No siempre fui así.
Hubo un tiempo en el que creía que quedarse era un acto natural, casi instintivo. En el que pensaba que amar implicaba insistir, resistir, sostener incluso cuando dolía. No lo cuestionaba. Simplemente lo hacía.
Hasta que dejó de ser suficiente.
La recuerdo en fragmentos, nunca completa. Como si mi memoria hubiera aprendido a protegerme incluso de ella, su voz cansada al final del día, la forma en que evitaba mirarme cuando algo no iba bien, las discusiones que empezaban por nada y terminaban hablando de todo.
Yo me quedaba.
Siempre me quedaba.
Creía que el amor era eso: permanecer aun cuando el suelo se volvía inestable. Ceder un poco más, callar lo necesario, hacer espacio incluso cuando ya no lo había.
Hasta que un día entendí que quedarse también puede ser una forma lenta de desaparecer.
No hubo gritos aquella vez.
No hubo escenas memorables.
Solo una frase dicha sin intención de herir, y que aun así lo hizo.

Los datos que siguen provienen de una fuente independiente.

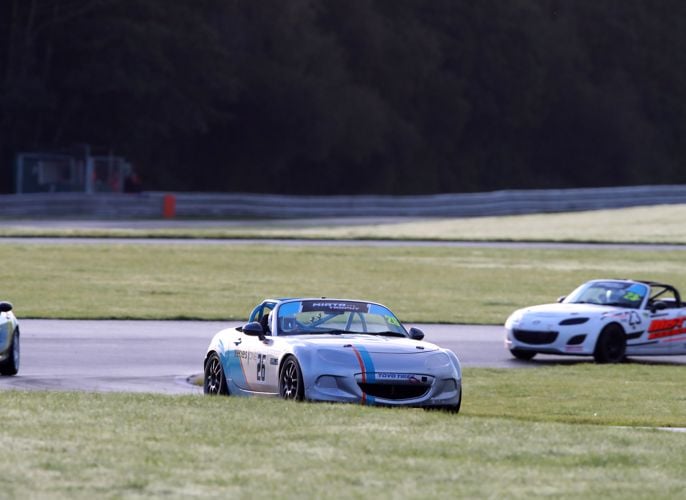 Gary Hawkins Photography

—No sé si quiero esta vida contigo —me dijo, mirándome como si yo ya no estuviera ahí.
No habló de otra persona.
No habló de falta de amor.
Habló de cansancio.
Y yo no supe qué hacer con eso, Claire con esos ojos que un día tuvieron un brillo hermoso que tanto amaba, hoy apagados me dedican una mirada vacía esas palabras, que martillaban en mi mente y corazón con una fuerza que no sabía de dónde venía.

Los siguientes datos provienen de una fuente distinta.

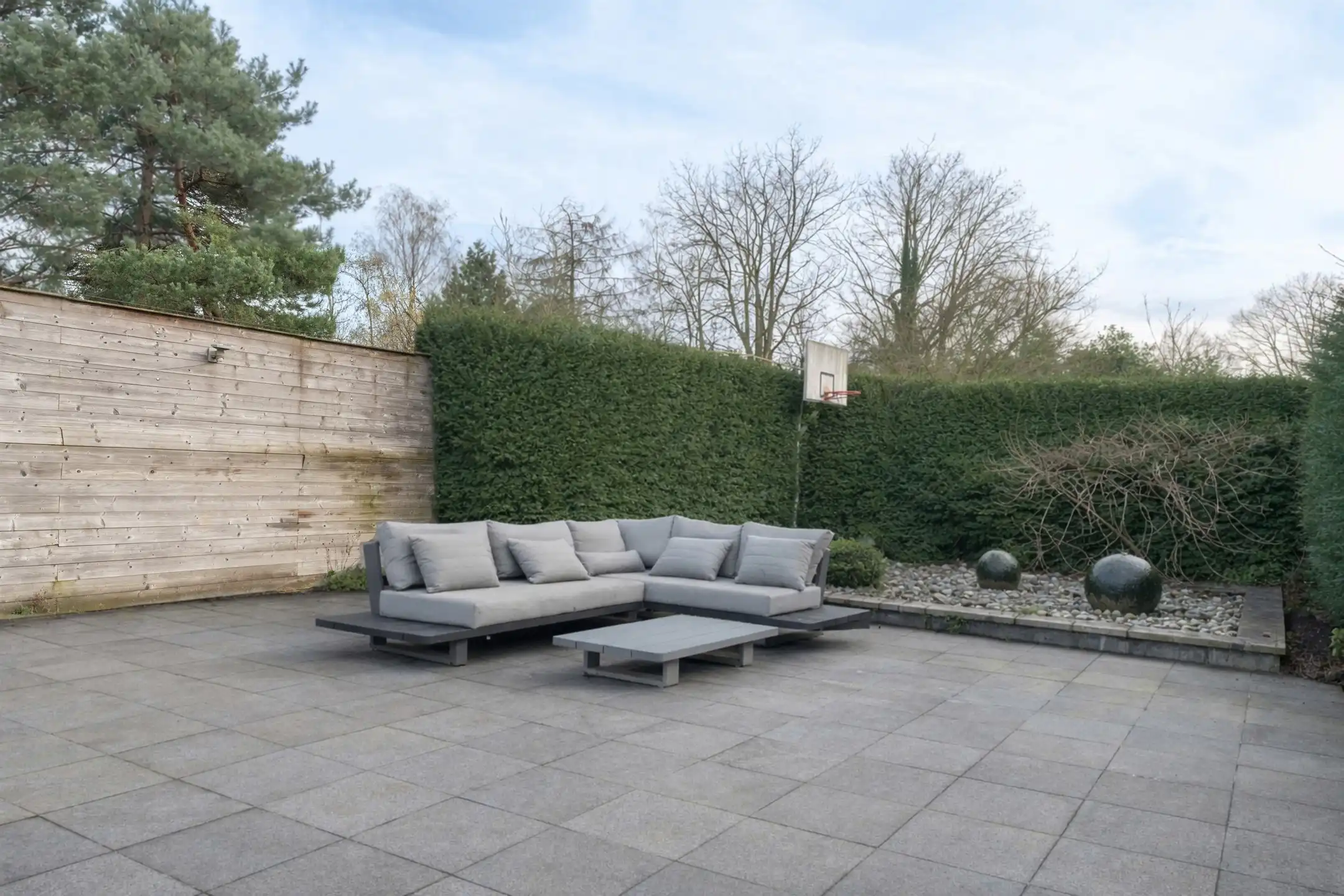 Verrassend ruime en luxueuze gezinswoning op rustige ligging foto 4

Me di cuenta entonces de algo que nadie te enseña: que puedes amar profundamente y aun así no ser el lugar donde alguien quiere quedarse. Que no todo lo que se entrega es recibido de la misma forma.

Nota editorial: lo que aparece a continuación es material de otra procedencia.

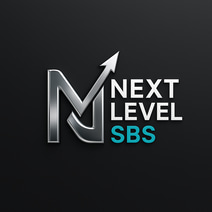 Next Level SBS logo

—¿Tu decisión es definitiva? —pregunté sin sonar herido, solo con una curiosidad de saber que tanto fue lo que hice mal.
—No estoy terminándote… solo necesito espacio —respondió, evitando sostenerme la mirada.
Supe entonces que ya era el final.
—Para mí esto es terminar —dije con una calma que no sentía—. Si ya no puedes mirarme, algo se rompió antes de esta conversación.
—Conocí a alguien más —confiesa entre sollozos —no te he engañado, solo que él ha estado cuando tú no, me escucha y me presta atención, cosa que contigo, parece que tengo que exigir atención, todo es tan robótico a tu lado, deje de ser yo. — me mira con dolor.
Me fui esa noche sin dramatismos.
Recogí mis cosas en silencio.
Cerré la puerta sin promesas.
Y en ese gesto aprendí algo que se volvió regla: no volver a quedarme donde mi presencia pudiera convertirse en peso.
Creí que ella siempre estaría, que podríamos resolver nuestros problemas juntos, que nunca ocultaríamos nuestros sentimientos aún sabiendo que podríamos lastimar un poco al otro, porque eso también es parte de una relación.
Creí muy en el fondo que Claire sería la persona con quien podría formar una familia, pero no fue así.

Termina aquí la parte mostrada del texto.